Los gobiernos de caudillos, dictadores, gobernantes autoritarios y militares -abundantes en nuestra región- han eliminado invariablemente la autonomía universitaria y suprimido o coartado las libertades académicas. También en Chile tuvimos universidades intervenidas y vigiladas. En otros casos, las propias universidades se vuelven militantes y se confunden con los ruidos de la calle. Inmersas en las trincheras abandonan entonces su misión reflexiva.
En tiempos normales, las cosas son distintas. Pero igual surgen dificultades y vallas para el pleno ejercicio de los ideales de autonomía y libertad que inspiran la universidad moderna.
Por ejemplo, en estos días se discuten unas minutas ministeriales que anticipan el diseño político, organizacional, administrativo y financiero del sistema de educación superior chileno, en caso de llevarse a cabo la reforma que prepara el Gobierno.
Lo menos que se puede decir es que dicho diseño no adopta como eje axial el valor de la autonomía ni valora el autogobierno de las organizaciones; es decir, la capacidad de decidir ellas mismas su propia misión académica y proyecto estratégico.
Al contrario, se crea un orden enrarecido por la vigilancia y el control externos, donde el gobierno determinaría asuntos propios de la autonomía sustantiva y procedimental de las universidades.

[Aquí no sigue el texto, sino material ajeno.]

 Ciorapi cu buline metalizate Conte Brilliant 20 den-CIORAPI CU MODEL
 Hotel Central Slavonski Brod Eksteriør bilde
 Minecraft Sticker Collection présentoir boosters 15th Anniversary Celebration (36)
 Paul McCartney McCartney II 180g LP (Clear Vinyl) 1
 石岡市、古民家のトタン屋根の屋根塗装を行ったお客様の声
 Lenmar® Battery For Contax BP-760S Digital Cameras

Entre los primeros, fijaría por medios políticos-administrativos la oferta de programas y el número de vacantes, el precio de los estudios, la admisión de los estudiantes, y regularía el currículo y los estándares de la enseñanza a través de un marco nacional de cualificaciones. Además, una vez completado el régimen de gratuidad universal, las instituciones dependerían en su integridad del dinero fiscal y pasarían negociando su destino con las autoridades de Educación y Hacienda.

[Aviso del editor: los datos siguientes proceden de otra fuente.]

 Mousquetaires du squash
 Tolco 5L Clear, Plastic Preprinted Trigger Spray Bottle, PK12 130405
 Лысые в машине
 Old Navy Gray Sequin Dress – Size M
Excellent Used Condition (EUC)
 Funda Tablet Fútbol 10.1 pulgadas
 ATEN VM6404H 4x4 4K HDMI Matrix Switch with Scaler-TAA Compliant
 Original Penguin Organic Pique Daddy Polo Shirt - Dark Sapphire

En el terreno de la autonomía de procedimientos, las trabas impuestas por la acción combinada de una (nueva) Subsecretaría de Educación, una agencia (nueva) de acreditación, una superintendencia (realmente panóptica) de control y vigilancia, un (nuevo) sistema de universidades estatales y su comité coordinador y un fortalecido CRUCh son tales, que hacen realidad la profecía de Max Weber. Él dijo que llegaría el momento en que todas las organizaciones se tornarían férreamente burocráticas, obligándonos a vivir (trabajar, pensar, crear, comunicarnos y morir) como dentro de una jaula de hierro.
La tendencia de los países de la OCDE, en cambio, es precisamente la contraria. Han ido ampliando la autonomía (sustantiva y procedimental) de sus universidades, adoptando sistemas mixtos de financiamiento público-privado y promoviendo formas de gobernanza de las universidades que aseguren responsabilidad ( accountabi lity ) en los planos legal (incluyendo probidad y transparencia), de la eficiencia (uso de medios y recursos, productividad) y de la efectividad (calidad, pertinencia de los títulos, impacto regional, contribución a la integración social y a la deliberación democrática).

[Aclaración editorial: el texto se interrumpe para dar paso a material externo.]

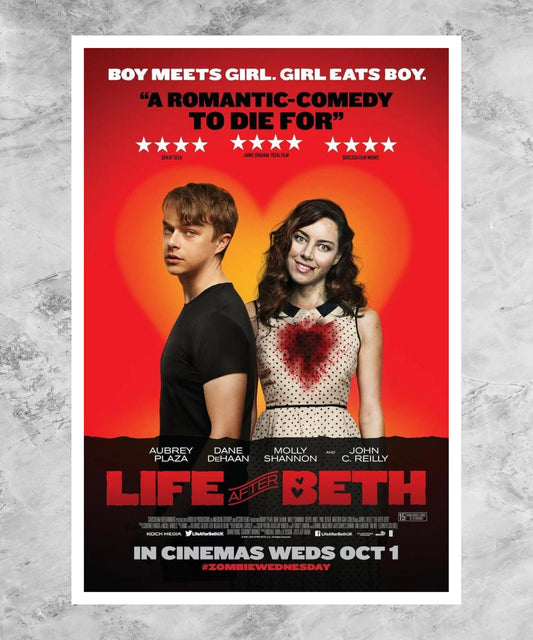 Life After Beth Poster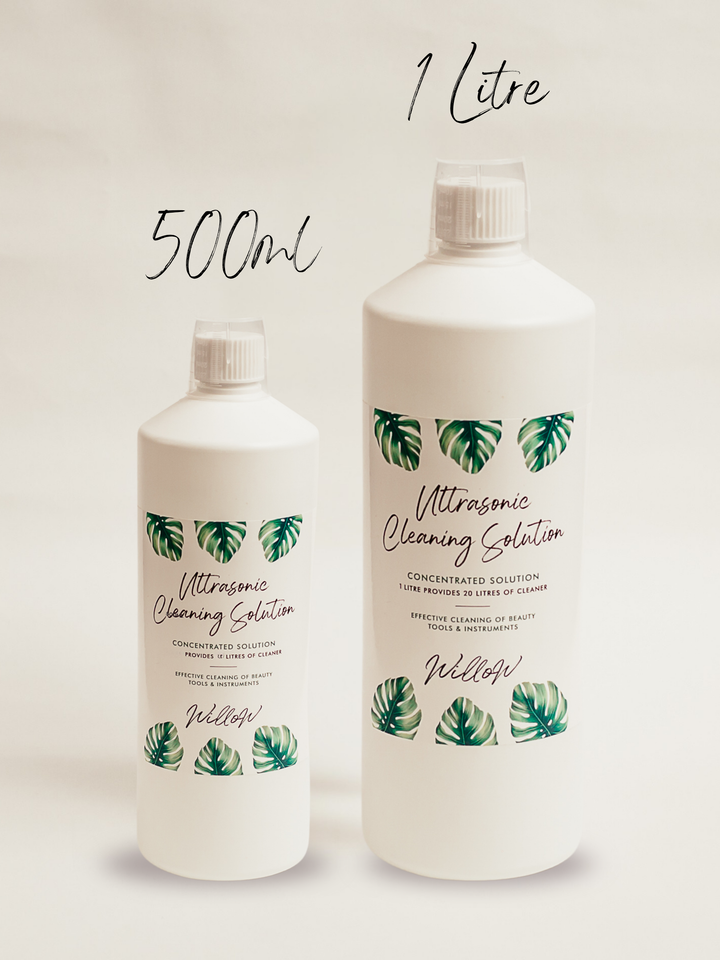 Willow Ultrasonic Cleaning Solution 500ml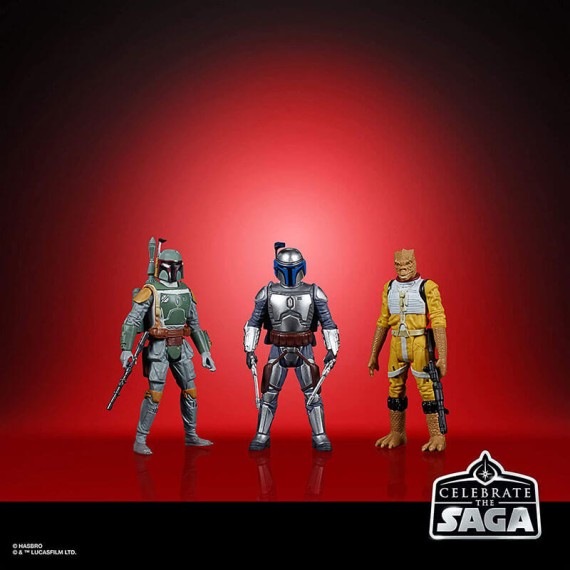 Star Wars: Celebrate the Saga - Bounty Hunters 5-pack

Para el sistema chileno, por tanto, el momento actual es uno de encrucijada.
Una alternativa es mantener un régimen plural y diverso de universidades con autonomía profundizada y responsable, financiamiento de costos compartidos (entre el Estado, la sociedad, las familias y los beneficiados), con regulaciones claras y estables, acreditación exigente y basada en la confianza en las instituciones y las comunidades académicas. La otra alternativa es deslizarnos hacia un modelo centralista, con coordinación político-burocrática, de alta supervisión, vigilancia y control, con regulaciones minuciosas de la autonomía sustantiva y procedimental, basado en la desconfianza, la estandarización y las sanciones, hasta desembocar en una dependencia generalizada del financiamiento fiscal y de la voluntad de los órganos gubernamentales.